IO Cost Model: Algorithmic Complexity for Big Data

Concept. On data larger than RAM, total runtime is dominated by IO, not CPU; we model algorithm cost as C_r × pages_read + C_w × pages_written and ignore everything else.

Intuition. With Listens at a billion rows, a full table scan reads thousands of 64 MB pages and takes minutes on disk. The CPU work to compare 4.5 > 4.0 is essentially free in comparison. Total runtime is C_r × pages_read + C_w × pages_written; everything else rounds to zero.

IO Complexity Fundamentals

Small Data vs Big Data: Different Worlds

In the land of small data, it's all about CPU complexity. Think O(n log n) for sorting n values. The assumption here? Everything fits in RAM, and the CPU is the bottleneck. The game is about finding faster algorithms, like opting for O(n log n) over O(n²). This world deals with datasets under 1GB.

Now, step into the big data arena, where IO complexity reigns supreme. Here, the cost of moving data dwarfs CPU costs, by a factor of a million. It's not about crunching numbers faster; it's about minimizing how often you need to touch the disk. We're talking datasets over 100GB, where disk access patterns are the real optimization target.

Three Examples: Building Your Intuition

Key Notation for IO Costs

For those who crave the details, check the IO Reference Sheet for complete formulas and device specs. Here's the shorthand:

C_r, C_w: Time cost to read/write a page (access + transfer time)
T(R) = n: Number of tuples (rows) in table R
P(R): Number of pages in table R
IO Cost: Total cost = numPages × C_r (or C_w)

Example Algorithms

Example 1: Basic Read/Write

Algorithm A1 reads and writes P(R) pages.
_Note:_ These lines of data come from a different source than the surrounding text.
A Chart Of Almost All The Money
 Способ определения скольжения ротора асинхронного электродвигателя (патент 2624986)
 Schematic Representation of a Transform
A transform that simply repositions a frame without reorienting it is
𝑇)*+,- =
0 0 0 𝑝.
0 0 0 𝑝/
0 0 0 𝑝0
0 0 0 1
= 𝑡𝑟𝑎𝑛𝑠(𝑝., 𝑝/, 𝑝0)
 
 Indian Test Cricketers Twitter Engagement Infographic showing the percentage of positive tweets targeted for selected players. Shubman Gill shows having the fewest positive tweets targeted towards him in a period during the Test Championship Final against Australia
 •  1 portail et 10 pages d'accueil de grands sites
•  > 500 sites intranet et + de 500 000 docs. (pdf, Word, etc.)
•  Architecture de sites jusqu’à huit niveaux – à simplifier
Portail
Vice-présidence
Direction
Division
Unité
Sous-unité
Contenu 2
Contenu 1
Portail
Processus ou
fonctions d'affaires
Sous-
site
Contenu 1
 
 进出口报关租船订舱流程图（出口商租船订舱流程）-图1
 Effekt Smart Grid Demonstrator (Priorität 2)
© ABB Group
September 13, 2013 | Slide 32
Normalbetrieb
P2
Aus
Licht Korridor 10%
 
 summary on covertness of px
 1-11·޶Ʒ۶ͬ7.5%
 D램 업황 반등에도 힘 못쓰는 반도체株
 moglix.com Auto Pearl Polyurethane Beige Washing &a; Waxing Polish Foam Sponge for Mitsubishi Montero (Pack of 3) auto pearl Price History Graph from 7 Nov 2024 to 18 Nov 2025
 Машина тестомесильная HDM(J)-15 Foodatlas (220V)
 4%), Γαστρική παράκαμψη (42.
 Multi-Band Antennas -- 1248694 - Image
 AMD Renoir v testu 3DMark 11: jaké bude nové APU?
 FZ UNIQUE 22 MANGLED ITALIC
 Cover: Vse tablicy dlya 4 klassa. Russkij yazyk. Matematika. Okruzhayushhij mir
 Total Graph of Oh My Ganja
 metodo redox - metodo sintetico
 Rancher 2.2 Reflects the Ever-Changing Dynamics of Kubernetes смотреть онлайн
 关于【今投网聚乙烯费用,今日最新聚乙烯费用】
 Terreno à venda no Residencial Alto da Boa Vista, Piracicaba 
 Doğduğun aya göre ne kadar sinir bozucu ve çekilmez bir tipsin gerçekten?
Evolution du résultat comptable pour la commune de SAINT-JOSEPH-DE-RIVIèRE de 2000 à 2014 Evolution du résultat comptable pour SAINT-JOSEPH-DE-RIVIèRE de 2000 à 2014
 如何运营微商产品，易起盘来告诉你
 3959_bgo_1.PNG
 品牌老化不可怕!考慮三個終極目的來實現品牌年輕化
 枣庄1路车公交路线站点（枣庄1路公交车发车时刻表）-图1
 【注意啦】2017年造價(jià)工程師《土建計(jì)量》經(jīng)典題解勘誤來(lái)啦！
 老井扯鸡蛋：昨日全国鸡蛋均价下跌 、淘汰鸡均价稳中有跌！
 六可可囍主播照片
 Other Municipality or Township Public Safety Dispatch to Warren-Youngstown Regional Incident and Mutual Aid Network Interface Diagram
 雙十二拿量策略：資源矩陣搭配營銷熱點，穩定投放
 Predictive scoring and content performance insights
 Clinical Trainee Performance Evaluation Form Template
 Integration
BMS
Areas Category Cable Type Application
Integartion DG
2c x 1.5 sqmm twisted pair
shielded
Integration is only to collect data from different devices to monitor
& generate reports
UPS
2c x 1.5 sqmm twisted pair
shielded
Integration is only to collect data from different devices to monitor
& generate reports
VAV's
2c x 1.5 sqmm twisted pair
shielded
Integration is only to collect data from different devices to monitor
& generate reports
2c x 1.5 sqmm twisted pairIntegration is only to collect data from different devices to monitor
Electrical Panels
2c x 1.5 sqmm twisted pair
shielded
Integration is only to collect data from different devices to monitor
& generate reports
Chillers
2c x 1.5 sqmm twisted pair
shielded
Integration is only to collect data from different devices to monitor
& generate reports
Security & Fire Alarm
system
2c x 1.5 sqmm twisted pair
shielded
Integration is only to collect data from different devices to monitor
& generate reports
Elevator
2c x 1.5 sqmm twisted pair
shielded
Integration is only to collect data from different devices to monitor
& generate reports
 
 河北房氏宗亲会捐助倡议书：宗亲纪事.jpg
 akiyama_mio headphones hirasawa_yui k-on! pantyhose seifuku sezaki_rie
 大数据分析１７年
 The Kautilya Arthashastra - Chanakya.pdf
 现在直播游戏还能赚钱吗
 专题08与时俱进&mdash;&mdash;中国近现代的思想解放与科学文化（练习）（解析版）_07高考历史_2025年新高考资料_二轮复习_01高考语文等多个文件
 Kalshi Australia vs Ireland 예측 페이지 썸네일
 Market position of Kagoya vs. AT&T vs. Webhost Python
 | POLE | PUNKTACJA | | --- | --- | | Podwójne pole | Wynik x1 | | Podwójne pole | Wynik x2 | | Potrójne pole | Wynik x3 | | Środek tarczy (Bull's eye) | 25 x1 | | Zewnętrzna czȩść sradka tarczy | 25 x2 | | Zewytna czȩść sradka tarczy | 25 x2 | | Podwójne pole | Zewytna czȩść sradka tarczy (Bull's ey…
The cost? Simple:

$$ C_r \times P(R) + C_w \times P(R) $$

Example 2: Multi-Pass

Algorithm A2 reads P(R) pages seven times and writes them three times. CPU operations? 20 times T(R), but they're too fast to matter:

$$ C_r \times 7 \times P(R) + C_w \times 3 \times P(R) $$

Example 3: Logarithmic

Algorithm A3 reads P(R) pages log P(R) times and writes 0.1×P(R) pages T(R) times. It's akin to binary search iterations:

$$ C_r \times \log(P(R)) \times P(R) + C_w \times 0.1 \times P(R) \times T(R) $$

Key Takeaways

The Big Picture

Forget O(n log n) - That's for CPU complexity, not big data.
Count IOs: N, 2N, 3N - This is what really determines runtime.
Smart algorithms minimize disk access. Save one IO, and you've saved 10 million CPU/GPU operations.